Fruit size and weight

Fruit samples of 50 fruit tree−1 were taken when available in early December at the end of the experimental periods for both cv. Arbequina in 2018 and cv. Coratina in 2019. Additional samples were also taken later in the season in March and May 2020 for cv. Coratina to assess post-treatment responses to the previous irrigation deficit and warming. The fruit lengths and widths of the cv. Coratina samples were measured with a digital caliper, and the maturity index (MI) for these samples was determined visually by sorting the 50 fruit into eight classes (0 to 7) according to skin and pulp color (Uceda and Hermoso 2001). Fruit weight (g fruit−1) was expressed on a dry basis after drying in an oven until a constant weight was reached. Dried material of cv. Coratina fruit was later ground for measuring fruit oil concentration (%) with nuclear magnetic resonance (NMR; model SLK200, Spinlock, Argentina). In some cv. Coratina trees, all fruit were harvested in March 2020 because an advanced maturity index (MI = 5; black skin with pulp turning purple) led to early fruit drop.

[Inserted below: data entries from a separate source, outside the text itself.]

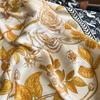 70cm Square Designer Gold Rose Print Scarf Women Silk Scarves Luxury Bandana Hijab Neckerchief Shawl Kerchief Hair Band Foulard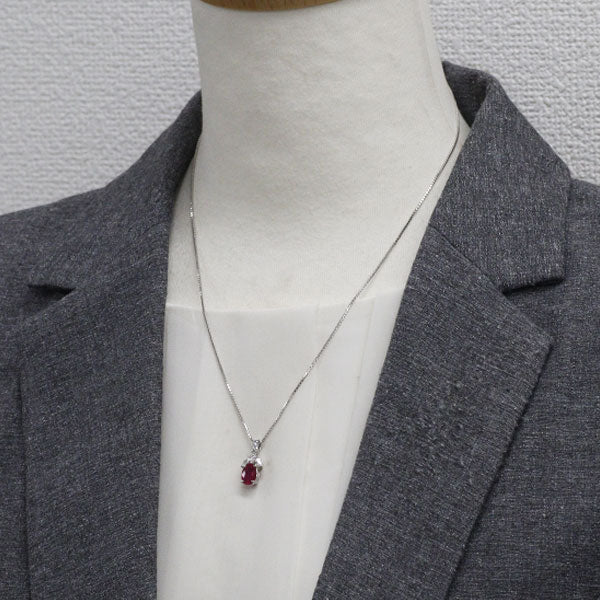 Pt900/ Pt850 ビルマ/ミャンマー産 ルビー ダイヤモンド ペンダントネックレス 1.30ct D0.34ct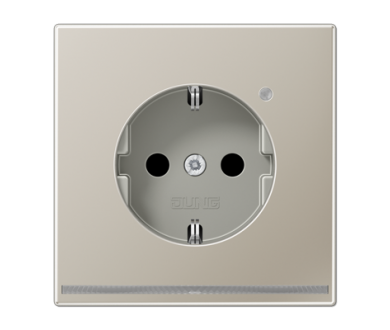 Розетка Schuko с LED подсветкой Jung ES1520-OLNW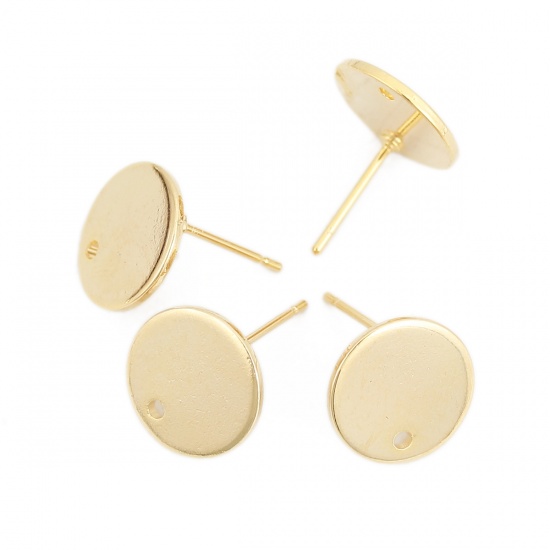 Picture of Brass Ear Post Stud Earrings 18K Real Gold Plated Round W/ Loop 12mm( 4/8") Dia., Post/ Wire Size: (20 gauge), 10 PCs                                                                                                                                         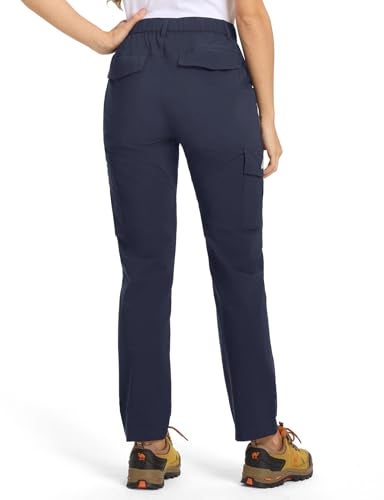 TBMPOY Womens Hiking Cargo Pants Lightweight Water Resistant Quick Dry Fishing Camping Travel Work Pant with 6 Pockets Navy XL - Image 3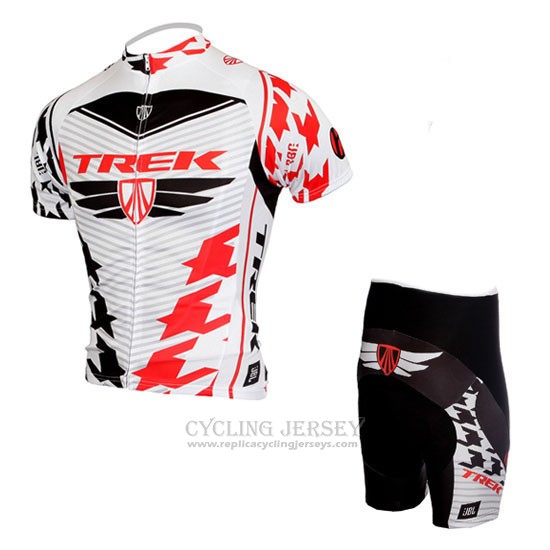 2010 Cycling Jersey Trek Red and White Short Sleeve and Bib Short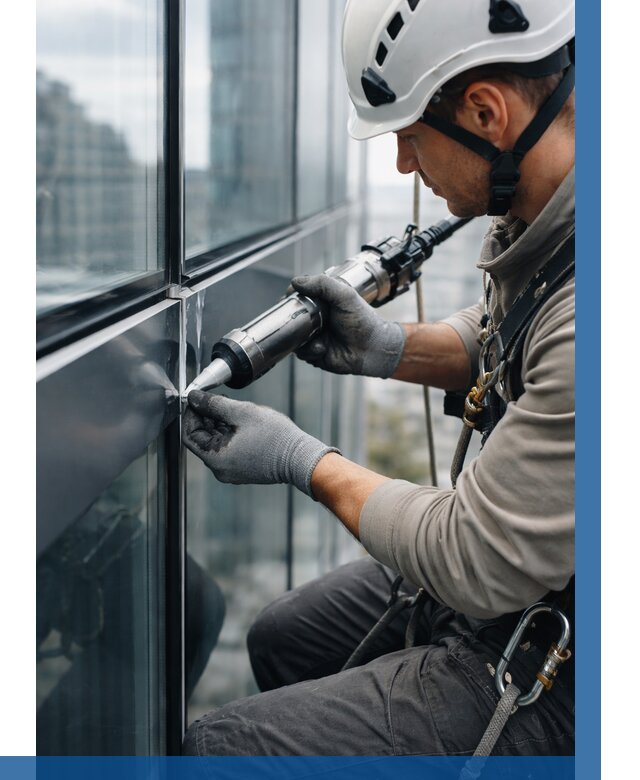 Герметизация стыков витража в Сергиеве Посаде от 1228 р. | ВЫСОТНИК-Сгп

Vegetative biomass and fruit and oil yield

Vegetative biomass production (g tree−1) and its partitioning into individual organs (leaves, branches, trunk, roots) was determined in one of the two trees per OTC at the end of the experimental period in December in 2018 and 2019. Biomass production was calculated as the difference between the initial biomass of three representative trees before the experiment and the biomass of each evaluated tree after the treatments. The below-to-above-ground biomass ratio was also calculated with fruit biomass being included in the above-ground biomass. Tree roots were carefully separated from the soil with a fine mesh sieve. The biomass of each organ was dried in an oven at 75 °C until constant weight.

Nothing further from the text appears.